I know there are multiple approaches to mimic the effect of a graduated neutral density filter using Photoshop, but all take time. The bottom line is it takes a lot more time than the 10 seconds it takes me to slide a graduated neutral density filter in front of my lens. Also, I'm firmly of the belief that if the image is worthy of flash card space, it should be captured properly from the get-go.
Much of the instructional work I do deals with teaching scenics. With this in mind, there are two essential filters I place on my list of required items for a class: graduated neutral density and a polarizer. I recommend grad filters to tame the contrast when shooting reflections and also to tame contrast at sunrise and sunset. Place the dark part of the filter over the light part of the image area and the contrast range is tamed. A more evenly lit photograph is the result. Each situation calls for a different strength. I carry one-, two-, and three-stop densities. Additionally, there are soft and hard edge options. If the transition point between the light and dark area is abrupt, it calls for the hard-edge variety. Conversely, if there's a smooth gradation, the soft edge is more beneficial. To optimize their use, the result should look natural. A pet peeve of mine is when I see a graduated filter improperly used on a reflection. If the end result is a reflection that comes out lighter than the section of the image being reflected, the photographer used a filter that was too dark and results in something that isn't natural.
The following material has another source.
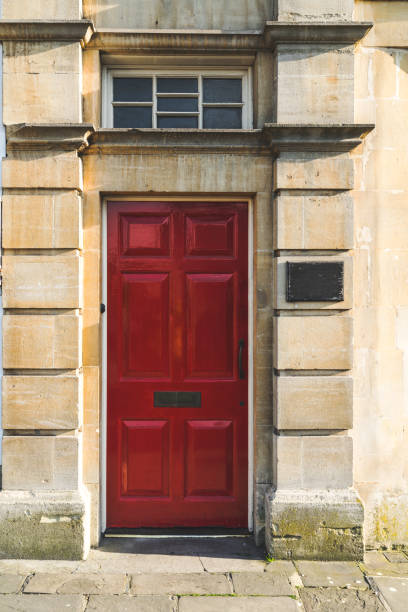 istock Red front door of residental building 968411972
To use a graduated ND filter properly, there are a few keys to keep in mind. An important fact to remember is to use the DOF preview button to accurately position the dark part of the filter over the light area of the image. If you fail to do this, unless you shoot the scene with the aperture wide open, the aperture at which you shoot will impact the point of the dark-to-light transition. This is especially critical if you're using the hard edge variety. Another factor to consider is exposure. Be sure to use the meter reading after the filter is dropped in place, not the one before it's positioned. The meter reading will change as the filter is lowered into place and compensate accordingly.
Realize that the use of a graduated neutral density filter is not restricted to just sunrise and sunset. Additionally, it's not limited to placement on the top portion of the frame. I want to emphasize this and offer a thought. You may encounter a situation where the foreground is brighter than the rest of the image. Situations may include fast moving rapids or layers of white limestone. In both instances, it may be essential to tone down the brightness of the foreground. Simply place the dark part of the graduated filter on the bottom to accomplish this. As always, be cognizant of where the line of transition falls and meter the scene once the filter is in place.